Majidi, Nasrin. M.S., Department of Biological Sciences, Microbiology and Immunology Program, Wright State University, 2009. A potential strategy to maintain HSV-1 in a latent state: use of immunoregulatory peptide mimetics.
This study reviews the role of interferon-gamma (IFN-gamma) in HSV-1 latency. CD8+ T cells inhibit the reactivation of HSV-1 in trigeminal ganglia (TG) by production of IFN-gamma. Although CD8+ T cells include all the cytotoxic apparatus for cytotoxicity, latently infected neuronal cells are not killed by CD8+ T cells. The CD94-NKG2a molecule on CD8+ T cells, binds to Qa-1b (a MHC class I like molecule) present on neuronal cell to inhibit CD8+ T cells cytotoxicity.

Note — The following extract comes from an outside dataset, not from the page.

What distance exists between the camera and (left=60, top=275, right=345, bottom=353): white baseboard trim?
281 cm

Other studies have also determined that the IFN-gamma peptide mimetic 95-132 inhibits HSV-1 replication in the same way as IFN-gamma in infected cells. IFN-gamma mimetic peptide binds to intracellular domain of interferon gamma receptor-1(IFNGR-1) and initiates IFN-gamma signal transduction to the nucleus for gene activation. IFN-gamma mimetic also is more active than IFN-gamma in gamma activated sequences (GAS) promoter.
Epithelial cells such as keratinocytes are the major target cell for HSV-1 replication. In a murine keratinocyte cell line (HEL-30), suppressor of cytokine signaling-1 (SOCS-1) prevents the antiviral activity of IFN-gamma by inhibition of the JAK/STAT signaling pathway.